Back then, web teams spoke about general things but not about web content. It used to be that the copywriter was brought in towards the mid or later stages of web site design. But copywriting is based too much on the old model of writer, editor, proof reader, reviser, etc. How did we get there?
Richard Saul Wurman (the founder of the idiom Information Architecture) wrote:
“I thought the explosion of data needed architecture, needed a series of systems, needed systemic design, a series of performance criteria to measure it.”
Content is not a feature. It's messy and complex -- an ever-evolving thing that can turn into a monster. In their book Web Redesign 2.0, Kelly Goto and Emily Cotler say the way to deal with web content is to “accept it, plan for it, charge for it.” Halvorson disagrees.
Halvorson’s idea: you need to have a content strategy - something which plans for the creation, publication, and governance of useful usable content.
Content can be: text, data, video, audio. But the major hurdle of all of these is text (including text that you see and that which you don’t see [i.e. metadata]). Strategy is a plan for obtaining a specific goal or result.
Content strategy helps us understand context of content – what, why, how, for whom, by whom, with what, when, where, how often, what next, etc.
A negative example: website of Quicken: designed not for or about the user, but is about selling Quicken. Compare that to:
Mint.com -- a personal finance site. Note the emblazoned banner: “the best (free) way to manage your money.” This website is not about Mint.com, but about the user. It is a website whose design is based on user's fears and desires. We didn't come to this website to learn about Mint. We came to fix our financial life. Secondary to that is using Mint.
If you fail to consider user goals in seeking your business objectives, you won’t deliver useful content. If you can align user goals with your business objectives you’ll strike the right balance.
Three examples of companies that deliver useful content and do it well:
1. REI
2. Room & Board
3. Ford Models
So...
How does content strategy work? There are four parts:
Plan. Create. Deliver. Govern.
Plan:
Process:
- What do we have?
- What are we trying to do?
- What do our content ecosystems look like? (all factors that have impact on living thing of content)
- What are our opportunities, risks, and success metrics? (SEO) - How are you going to measure success? (fixing content is not a measure of success – you must measure how success is made)
Your content is organized by a content inventory. This inventory only identifies content and a few notes. It is a quantitative audit by which you obtain:
- measurable project outcomes.
- content recommendations for your project:
- What do our content ecosystems look like?
- What are our opportunities, risks, and success metrics? Consider external and internal factors.
- The Plan:
Your plan should form a continuous circle of learning / creation / examination, or Create, Deliver, Govern.
This is the mantra of social media: you must be ready to stay engaged. No longer can you create content and then leave it to dry out, age, and spoil.

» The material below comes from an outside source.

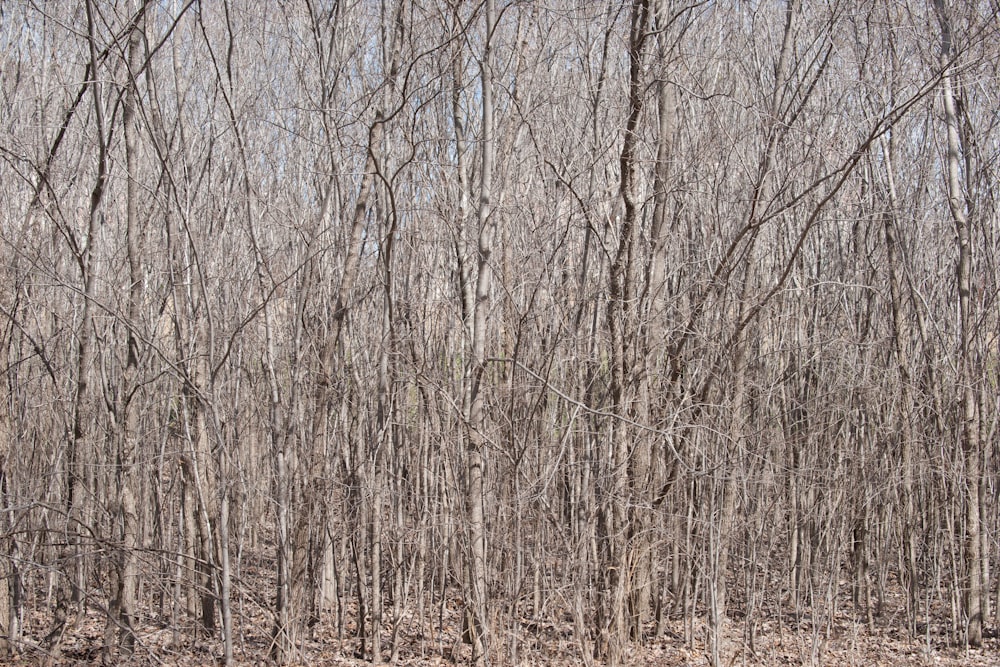 dried forest trees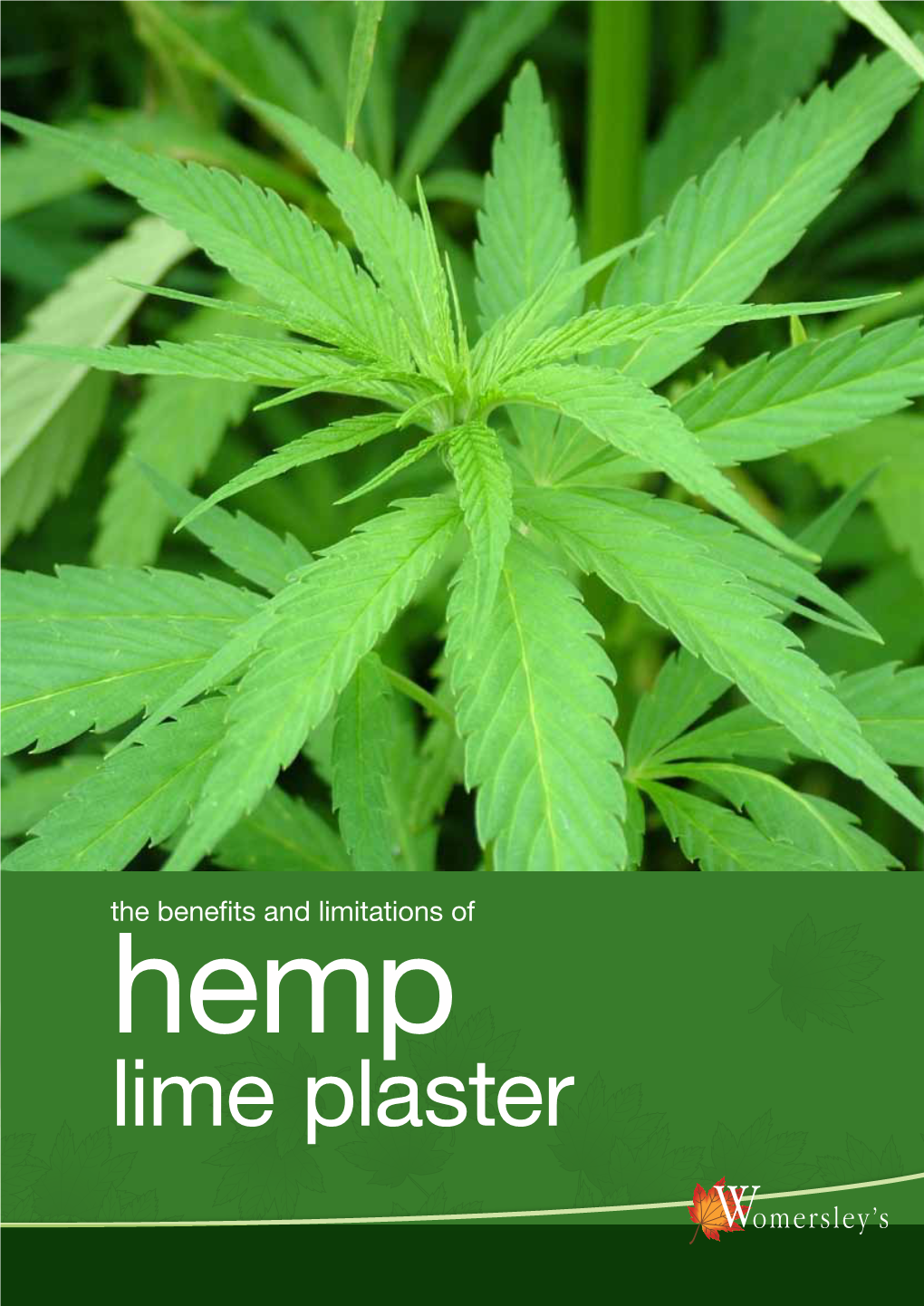 Lime Plaster an Introduction to Hemp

What do you get? Multiple benefits: better user experience, great brand consistency, new operational efficiencies, better risk management, improved SEO, and more effective personalization and targeting.
How can you start?
Currently we think of content as the responsibility of a writer. But it requires more functions. We need to recognize content as a complex thing and the responsibility of many. Marketing tasks in all their variety are activities which can be considered content. We must have processes in place that recognize the web as an eco system.
In closing Halvorson admonished us:
You are a publisher - treat your content as a critical business asset.